Johann Joachim Christoph Bode took the signature on the "Revers" as the definitive entry point. The Revers was an oath of loyalty signed with either their real name or, in other cases, already with the Illuminati Order name.

REVERSE [OBLIGATION. LETTER OF A CANDIDATE.]
I, the undersigned, obligate myself by my honour and my good name, without any secret reservation, never to reveal to anyone, not even to my most intimate friends and relatives, neither by word nor gestures, glances, nor in any other conceivable way, anything of the matters entrusted to me by Herr … concerning my acceptance into a certain secret society, whether I am accepted or not. This even more so as I have been assured prior to my acceptance that in this society nothing is done that is against the state, religion, or good morals. I also promise to immediately return the documents which will be communicated to me for this purpose or any letters I may receive after having made the necessary excerpts in a manner unintelligible to others. All this, as I am an honest man, and intend to remain one.
Signed in … on the … day of … in the year … (L. S.)

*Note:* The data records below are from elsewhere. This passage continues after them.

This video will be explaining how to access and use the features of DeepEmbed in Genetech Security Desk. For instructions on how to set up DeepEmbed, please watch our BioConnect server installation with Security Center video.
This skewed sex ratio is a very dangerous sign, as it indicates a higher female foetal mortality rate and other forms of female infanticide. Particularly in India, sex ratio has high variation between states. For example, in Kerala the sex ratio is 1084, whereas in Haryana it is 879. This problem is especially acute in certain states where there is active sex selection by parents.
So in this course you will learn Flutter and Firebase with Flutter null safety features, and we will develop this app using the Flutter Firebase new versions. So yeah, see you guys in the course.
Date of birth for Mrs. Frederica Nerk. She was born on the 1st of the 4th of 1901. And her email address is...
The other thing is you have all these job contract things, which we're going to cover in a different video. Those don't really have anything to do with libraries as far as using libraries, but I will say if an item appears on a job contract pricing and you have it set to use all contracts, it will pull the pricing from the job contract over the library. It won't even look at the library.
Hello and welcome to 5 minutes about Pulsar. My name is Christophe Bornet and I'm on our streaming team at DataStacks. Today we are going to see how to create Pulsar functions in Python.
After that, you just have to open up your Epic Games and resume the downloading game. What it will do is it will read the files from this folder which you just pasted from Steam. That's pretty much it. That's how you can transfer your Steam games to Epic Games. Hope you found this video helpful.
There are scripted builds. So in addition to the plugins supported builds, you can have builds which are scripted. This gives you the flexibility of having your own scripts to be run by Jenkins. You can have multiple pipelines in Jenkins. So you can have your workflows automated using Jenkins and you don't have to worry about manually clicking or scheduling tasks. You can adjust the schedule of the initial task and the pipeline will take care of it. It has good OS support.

But those who signed the statement would not necessarily feel as members that very moment. The Illuminati Friedrich Christian Rudorf recruited in Buttstädt, the last local group we know of, signed their Reverse letters in the summer of 1785 and began sending in their monthly Quibus Licet without hearing anything from the Order until July/August 1786. They felt lost and confused: Were they actually members? They were waiting for an initiation, a ceremony to be performed in a Minerval Church; Buttstädt never received one. Rudorf's members remained corresponding members for the remaining two years of the Order.

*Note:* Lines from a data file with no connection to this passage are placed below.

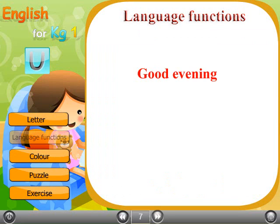We say good evening when you meet someone in the evening. Repeat after me: Good evening.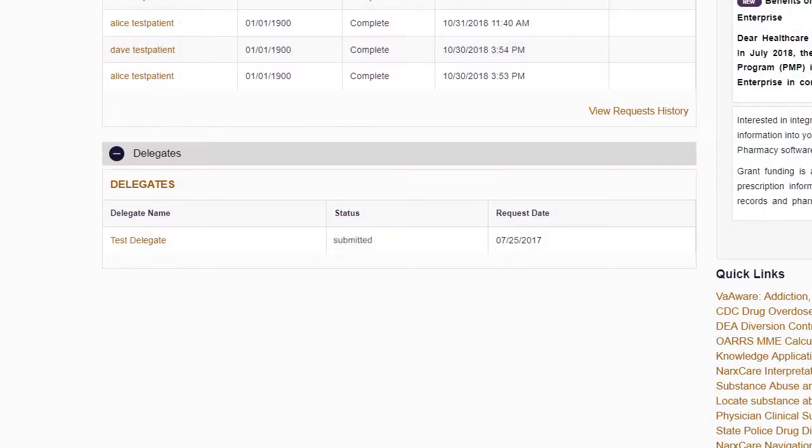As the supervisor, you must login and approve each delegate account before the delegate can obtain access to the NarcsCare Online System. The status column will change from Submitted to Approved once the system has confirmed that your delegate has been approved. You may also delete delegates from your account when appropriate. This could include an employee leaving your practice or working from a different location.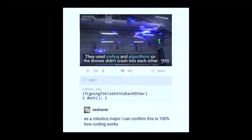The guess was 10,000 — a much better guess than the one I got from the other computer science faculty at the faculty lunch. They looked at the slide and counted up three. A lot of computer scientists don't really have a full appreciation for how hard aerospace problems are. Before I tell you the answer, I'll show you this little snippet from Instagram. It says they use coding and algorithms so the drones don't crash into each other, and someone commented: 'if going to crash into each other, don't.' If only it were that easy. And then someone with a ridiculous username commented, 'as a robotics major, I can confirm this is 100% how coding works.' They're lying about at least one thing here. It's way more complicated than that.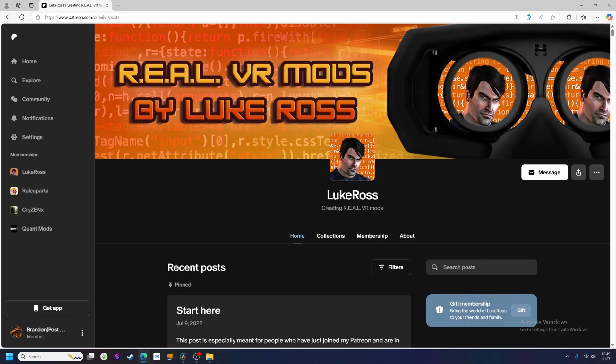Hey there VR gang, this is Brandon, your friendly internet postmaster, and in this video I'll be going over how to install Luke Ross's real VR mod.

Fully functional Minerval Churches had monthly meetings — in Gotha's prominent case right into the summer of 1787. To be invited to the meetings was a clear signal that one was "in" the Order. The initiation came, however, only with the next level: the step into the Minerva degree.

The local reports of the congregations list members both present and absent on ladders from Novice to Regent. Membership was organised within the degree system which embraced the degrees of Freemasonry in the Order that was on its way to build a Freemasonic superstructure. Members like Ernest II and Bode had, however, never been Novices. They had been given the chance to read all the degree texts available to be then promoted to the top level positions they were supposed to fill. Even the career as a Freemason was not mandatory: High ranking Illuminati had connections into lodged that would promote a desired candidate to any rank needed in the Order just to fulfill the formal demands.

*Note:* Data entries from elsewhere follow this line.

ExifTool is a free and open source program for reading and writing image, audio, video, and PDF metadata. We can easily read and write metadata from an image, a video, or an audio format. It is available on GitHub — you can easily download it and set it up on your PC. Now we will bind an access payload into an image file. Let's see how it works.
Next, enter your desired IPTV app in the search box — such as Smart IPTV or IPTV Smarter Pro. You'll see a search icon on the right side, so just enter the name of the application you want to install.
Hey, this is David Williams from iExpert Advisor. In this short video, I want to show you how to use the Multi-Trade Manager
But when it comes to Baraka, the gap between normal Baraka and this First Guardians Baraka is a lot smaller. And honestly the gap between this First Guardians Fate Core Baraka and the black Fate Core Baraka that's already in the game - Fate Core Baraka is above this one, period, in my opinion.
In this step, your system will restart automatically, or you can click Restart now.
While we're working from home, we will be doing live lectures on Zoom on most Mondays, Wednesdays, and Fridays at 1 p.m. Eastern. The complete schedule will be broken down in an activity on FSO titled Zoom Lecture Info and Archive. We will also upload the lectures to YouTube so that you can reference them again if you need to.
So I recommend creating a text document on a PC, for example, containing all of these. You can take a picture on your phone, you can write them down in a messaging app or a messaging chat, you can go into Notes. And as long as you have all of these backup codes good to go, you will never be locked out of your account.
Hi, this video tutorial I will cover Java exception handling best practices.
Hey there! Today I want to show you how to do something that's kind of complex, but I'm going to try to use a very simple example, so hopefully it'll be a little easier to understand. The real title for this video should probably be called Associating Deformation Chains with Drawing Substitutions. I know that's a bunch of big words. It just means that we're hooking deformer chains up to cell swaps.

The FactGrid database under these premises, is the ideal tool to provide the nuanced picture. You can filter: Who was proposed? Who was actually invited to sign a Revers? Who was listed as holding a particular degree, and at what particular moment in the brief history of the Order? Who held positions?

Any of these questions will paint an interesting picture; here, however, the database is work in progress (and will remain work in progress for years to come). The two questions that can be asked with relatively conclusive data are at the moment the questions of Proposals and of signed Reverse letters. The lists which the simple SPARQL queries will compile are not yet satisfying: One would love to have them with the respective date and place information and with short biographical details. Some of the more detailed information is already given in the respective data sets and only waiting for SPARQL-experts who can write the scripts for the more interesting tables. SPARQL-experts could certainly also give first visualisations of the networks and of the Orders gradual geographical expansion. We will need data visualisers to exploit the information with technical insight and we need people who will eventually reassess all the documents with a fresh look at the membership information which they yield in all the nuances which we are now able to translate into database statements — only with the data we will we be able to give the more complex picture on the more complex searches which are now becoming possible.